De boekhouding van een onderneming levert geen bewijs op tegen personen die geen onderneming zijn, behoudens de bepalingen inzake de eed.

De boekhouding van een onderneming levert bewijs op tegen haar. De boekhouding mag niet ten nadele van de onderneming worden gesplitst.

§3. De rechter kan, op verzoek of ambtshalve, in de loop van een geding de openlegging bevelen van het geheel of van een gedeelte van de boekhouding van een onderneming betreffende het te onderzoeken geschil.

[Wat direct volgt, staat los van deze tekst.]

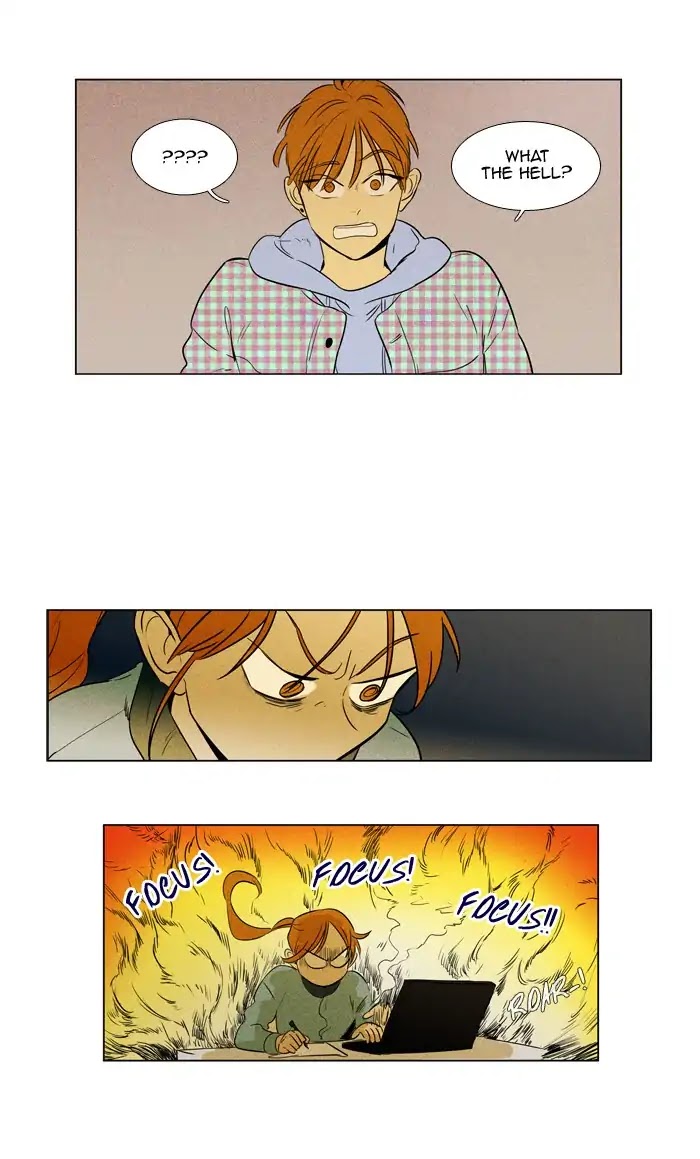 Cheese in the Trap Chapter 241 page 21 - Chapter 241: [Season 4] Ep.17: Absence (2)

De rechter kan daarbij maatregelen opleggen om de vertrouwelijkheid van de desbetreffende stukken te vrijwaren.

§4. Een door een onderneming aanvaarde factuur levert bewijs op tegen deze onderneming.”

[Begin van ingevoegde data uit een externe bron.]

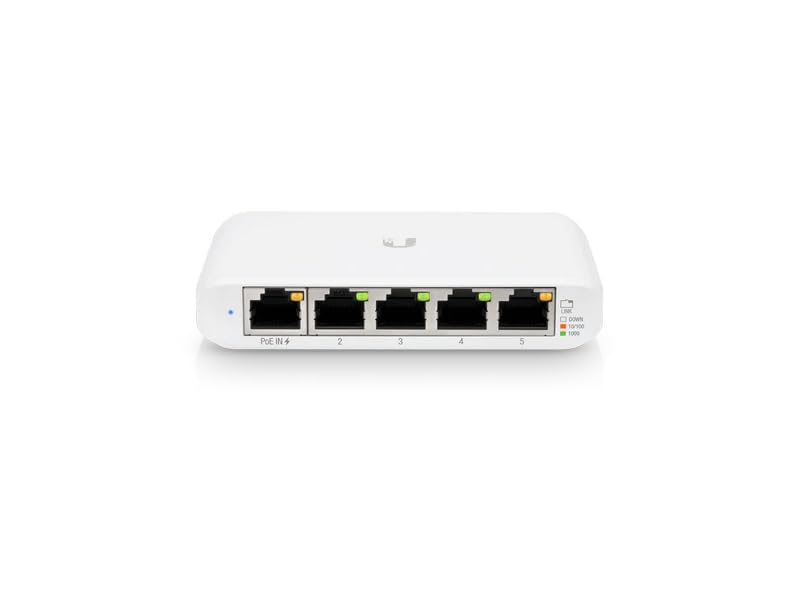 Ubiquiti UniFi Flex Mini-PoE-Schalter mit 5 Anschlüssen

Dit heeft voor gevolg dat het zogenaamde vrije bewijsrecht (ondernemingsbewijs) voortaan ook toepasselijk zal zijn als bewijs tussen en tegen vrije beroepers, landbouwers, VZW’s, stichtingen, zogenaamde burgerlijke vennootschappen en maatschappen.

De meeste bepalingen van 1348bis zijn naast het ruimer toepassingsgebied ervan, een hertaling van wat reeds onder het vorige recht gold in verband met de koopmansboeken (art. 20-22 W. Kooph.).

Veel belangrijker is echter §4 van art. 1348bis dat luidt als volgt :

“§4. Een door een onderneming aanvaarde factuur levert bewijs op tegen deze onderneming.”

Het thans niet meer bestaande art. 25 W. Kooph. stelde voorheen :

“Koop en verkoop kan bewezen worden door middel van een aanvaarde factuur, onverminderd de andere bewijsmiddelen die door de wetten op de koophandel zijn toegelaten.”

Deze bepaling luidens dewelke koop en verkoop bewezen kon worden door een aanvaarde factuur belette niet dat ook het bestaan van andere handelsverbintenissen (bv. aanneming van werk) kon aangenomen worden door de rechter uit de aanvaarding van de factuur die voor de uitvoering van de aannemingswerken was verstuurd en aanvaard.

Voortaan geldt de factuur dus niet meer enkel als bewijs van een koop/verkoop maar tevens als bewijs voor alle overeenkomsten.

Door de nieuwere en ruimere definitie van het begrip “onderneming” in de wet van 15.04.2018 kent het ondernemingsbewijs dan ook een bredere toepassing dan voorheen en krijgt de aanvaarde factuur een belangrijke rol als bewijsvorm voor het bestaan van overeenkomsten.